When Jason plays you can tell there is more going on than just a casual guitarist banging out some chords. His understanding of “parts” and “layering” is evident on his solo record, and certainly understandable from his sideman work. But there has to be more to this depth of musical understanding than just that right? There is. “Some people might be surprised to know that the trumpet was first priority to me up to about age 23. I went to school for classical trumpet and theory/composition. I studied for four years with trumpet virtuoso Lee Soper. I made my living in and around New York as a classical trumpet player for a few years. I was always studying guitar and playing in bands on the side though. I got a job at Starbucks, worked the minimum amount of hours to pay rent and eat and started studying jazz guitar with Vic Juris. I practiced ten hours a day for a year or two. Frank Vignola was also a big help to the way I view the guitar neck.”

What would steer someone from the trumpet to country and swing on guitar? Jason says, “I grew up listening to a lot of swing. My grandfather was a huge Les Paul, Errol Gardner and Django Reinhardt fan. This meant every Monday night my grandparents would take me to see Les Paul at Fat Tuesdays. Then, when I was 24, I read an article in Vintage Guitar Magazine about Danny Gatton and I was like ‘Man, I gotta check this guy out. He combines all the things I love about guitar.’ I got his record 88 Elmira St. and traded in my archtop for a tele that week!”

Jason is really popular with students at TrueFire because of his understanding of how to get a student from point A to point B. “The toughest thing for a lot of students is to make that connection between just knowing some licks and knowing how to go play a gig and not get a cymbal thrown at them!”
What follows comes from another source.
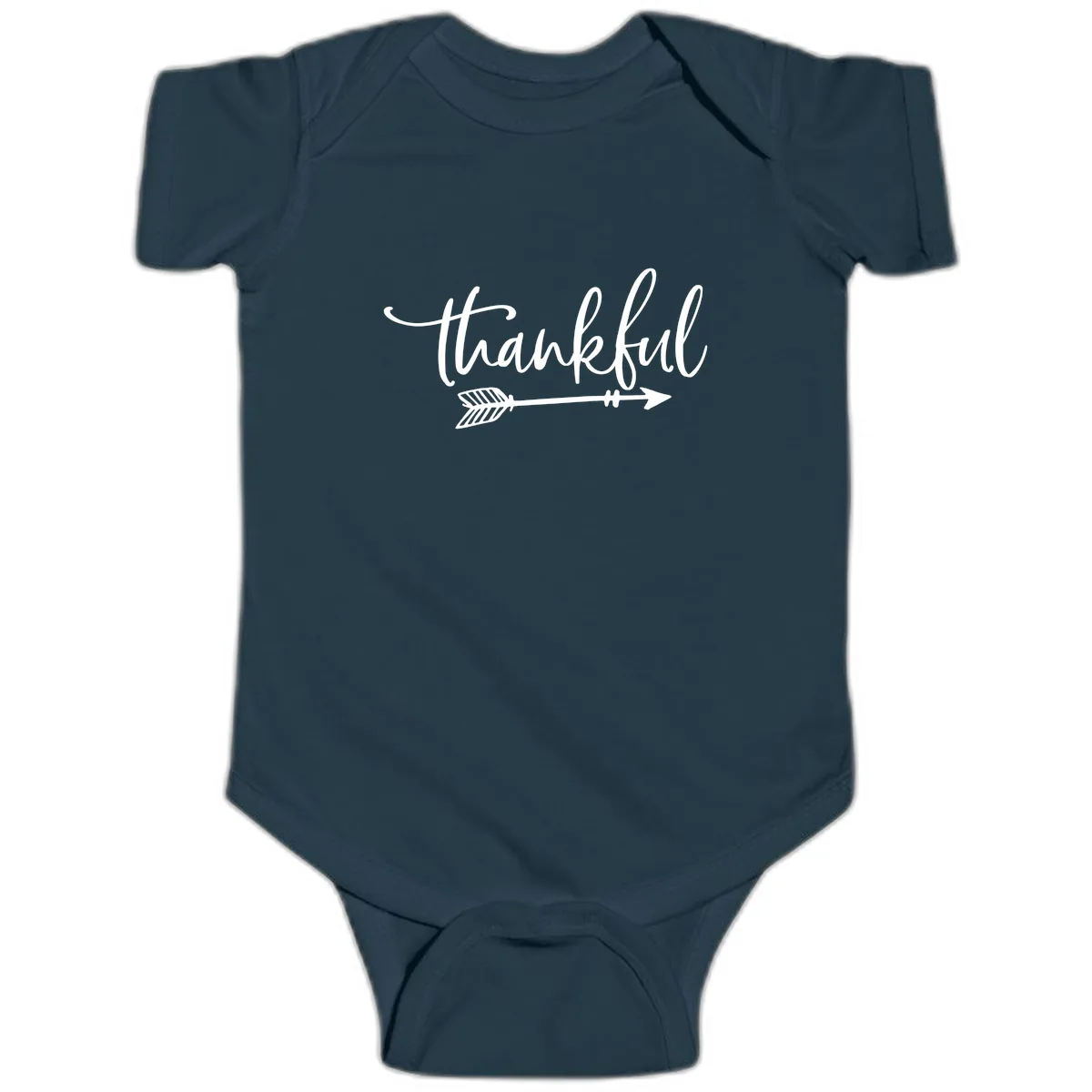 Thankful Arrow Typography Baby Onesie in Navy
Jason is hard at work about to release the String Gliders album, an all-star band with twin teles and steel guitar. He has several other projects in the works, but it is hard to finish them all when you have such a touring schedule. He still finds time to share his knowledge and art whenever he can.
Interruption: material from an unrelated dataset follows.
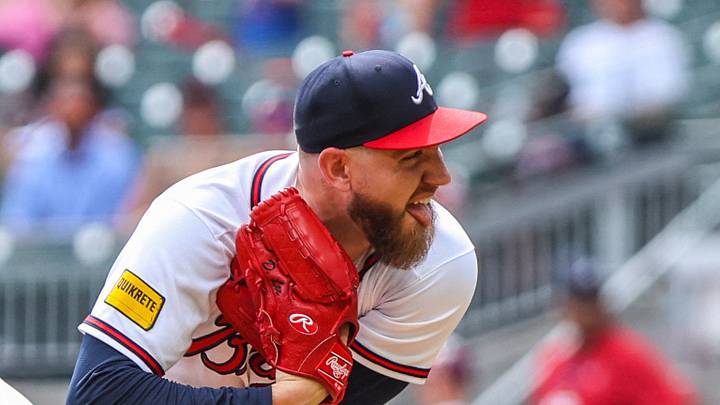 Aug 16, 2026; Cumberland, Georgia, USA; Atlanta Braves pitcher Dylan Lee (52) pitches the ball against the Atlanta Braves during the eighth inning at Truist Park. Mandatory Credit: Jordan Godfree-Imagn Images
Jason has some great advice. “If you really want to be a musician, burn your safety net. Yup, remember how your parents were like ‘Get a business degree and you can always play on the side’…they don’t know what they’re talking about. Set the safety net on fire. Set goals, make lists and run yourself like a business. Manage your time and goals. Get a good teacher, make a practice schedule, start playing out no matter how bad you are or how many times you get fired from a gig. Take every gig until you get a feel about what it is you want to do.”

Great advice! It certainly has worked for this classical trumpet playing barista! But now instead of serving lattes he’s serving up tasty licks, and just the right part for the song.